KI-Verordnung tritt in KraftDurchlässig wie ein Perlenvorhang

Am heutigen 1. August tritt die KI-Verordnung in Kraft. Doch wer jetzt denkt, alles ist geklärt, der täuscht sich. Denn der Kampf für digitale Freiheitsrechte rund um KI ist noch lange nicht vorbei. Ein Kommentar.

Eine Überwachungskamera, ein Perlenvorhang, reduzierte Formen im Bauhaus-Stil.
Nichts ist abgehakt. – Public Domain DALL-E-4 („AI surveillance camera behind a beaded curtain, bauhaus style reduced minimalist geometric shape“)

Viele Nachrichtenmedien kommen heute um das Thema KI-Verordnung nicht herum.
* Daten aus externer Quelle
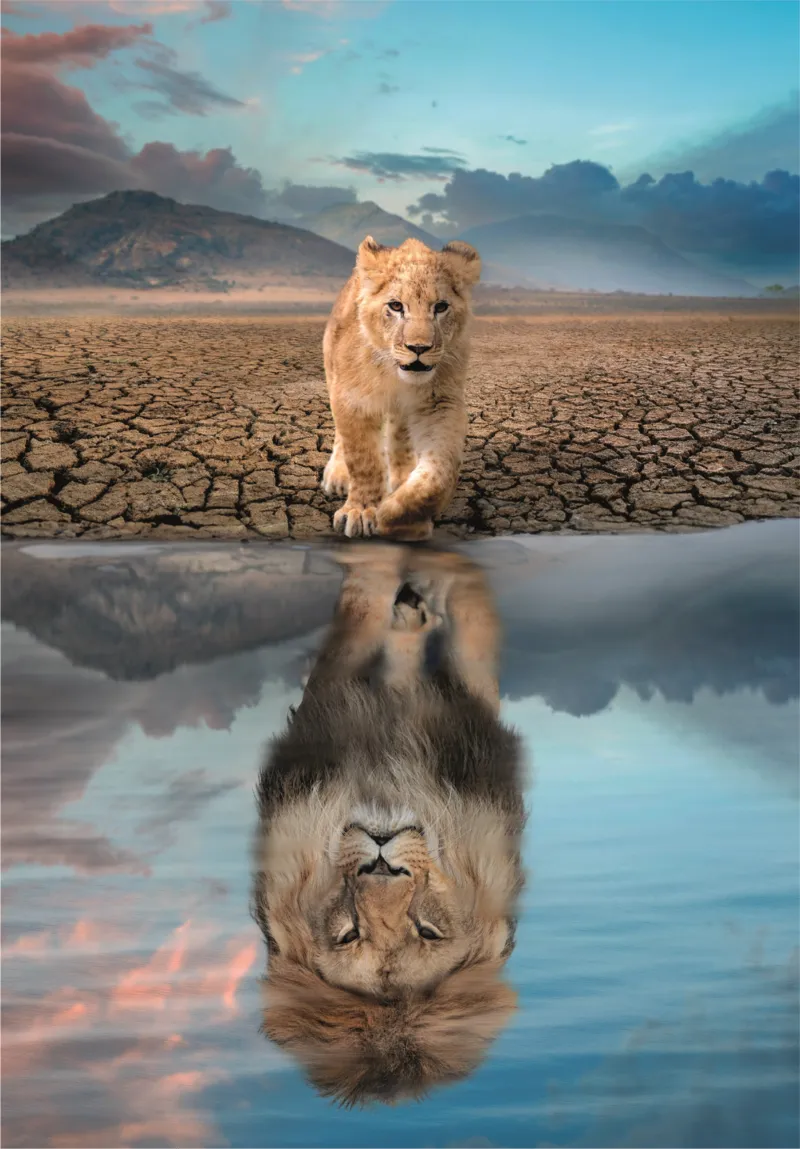 Self Reflection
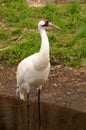 Whooping Crane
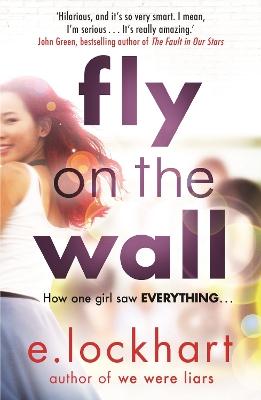 FLY ON THE WALL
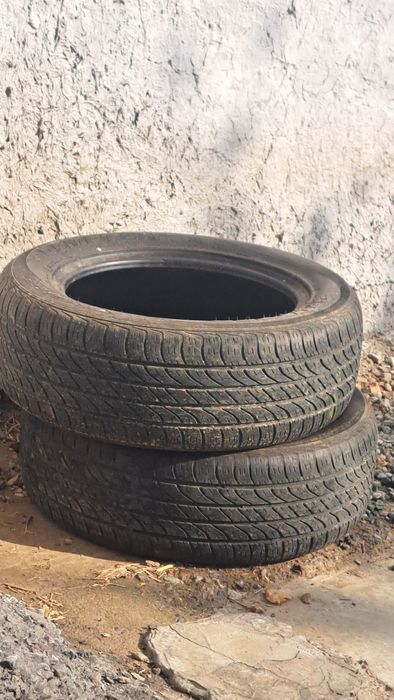 R15 Razmerdagi Demeter yumshoq balon sotiladi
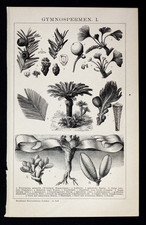 1897 OLD LITOGRAFICAL:PIANTE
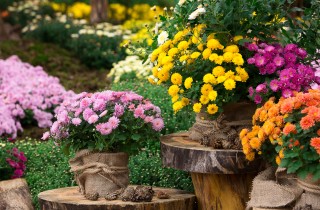 Fiori autunnali da piantare a novembre, i magnifici 5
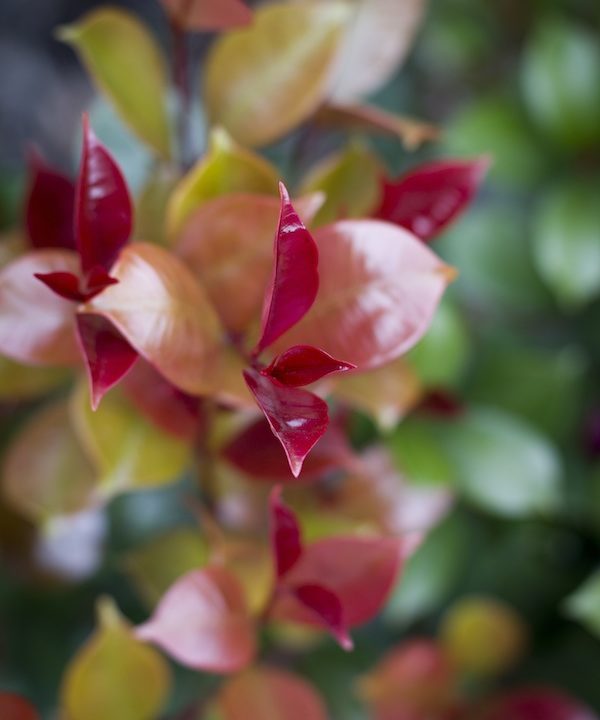 Lillypilly Big Red foliage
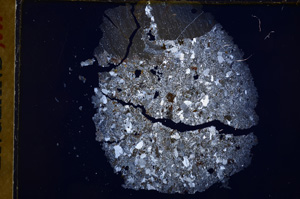 Cross Polarized, E17491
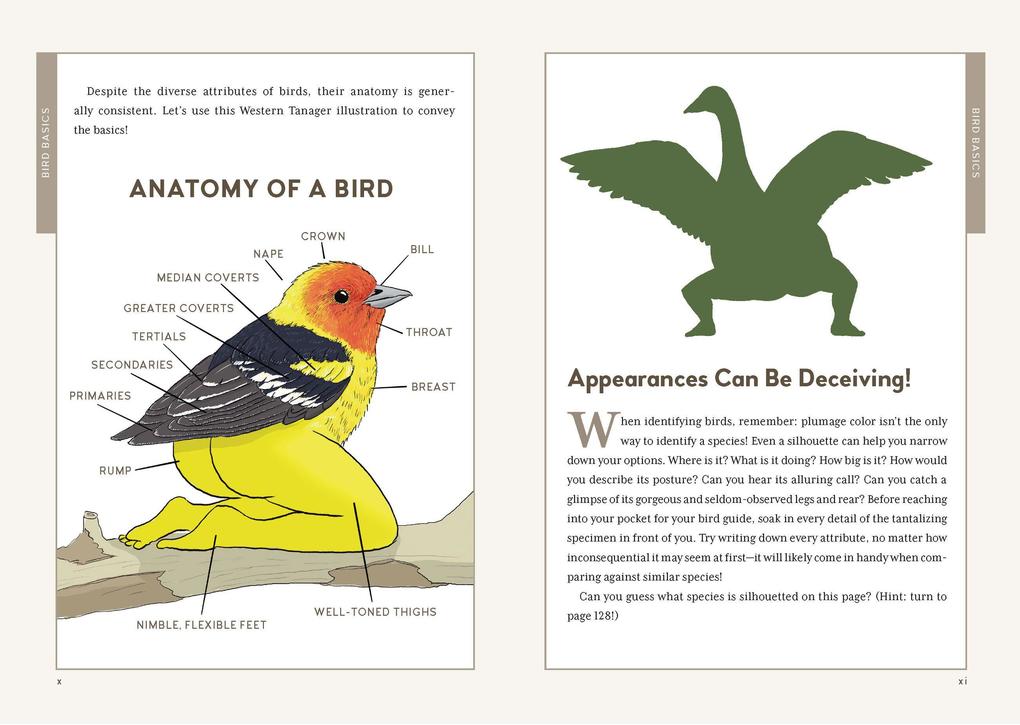 Weitere Ansicht: Extremely Accurate Birds | Tommy Siegel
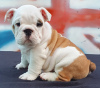 Photo №4. I will sell english bulldog in the city of Odessa. from nursery - price - 700$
Denn am 1. August tritt das Gesetz in Kraft. Auch wenn die Regeln erst schrittweise bis August 2027 zur Anwendung kommen – die Medienlogik schreibt vor: Ein Bericht ist Pflicht. Vielleicht noch einmal zusammenfassen, was sich mit diesem auch als „AI Act“ bekannten Regelpaket bald für Verbraucher*innen ändert? Oder Angst vor einem Bürokratie-Monster heraufbeschwören?

Beiträge wie diese lösen bei mir Genervtheit aus, denn sie übersehen das Wesentliche. Sie schauen nicht dorthin, wo nach wie vor Grundrechte in Gefahr sind. Wohin Politik und Zivilgesellschaft genau jetzt den Blick richten müssen, weil wichtige Entscheidungen anstehen.

Der fertige Text der KI-Verordnung ist ein Anfang, aber kein Ende. Erstmals gibt es europaweit Schranken für den Einsatz problematischer KI-Systeme. Manche sind sogar ganz verboten, um Grundrechte von Menschen zu schützen, etwa KI-Systeme zur Bewertung des Sozialverhaltens. Doch in vielen Bereichen ist die KI-Verordnung durchlässig wie ein Perlenvorhang. Das heißt: Man kann einfach hindurchgehen. Und es ist nun an den Mitgliedstaaten, dagegen etwas zu tun.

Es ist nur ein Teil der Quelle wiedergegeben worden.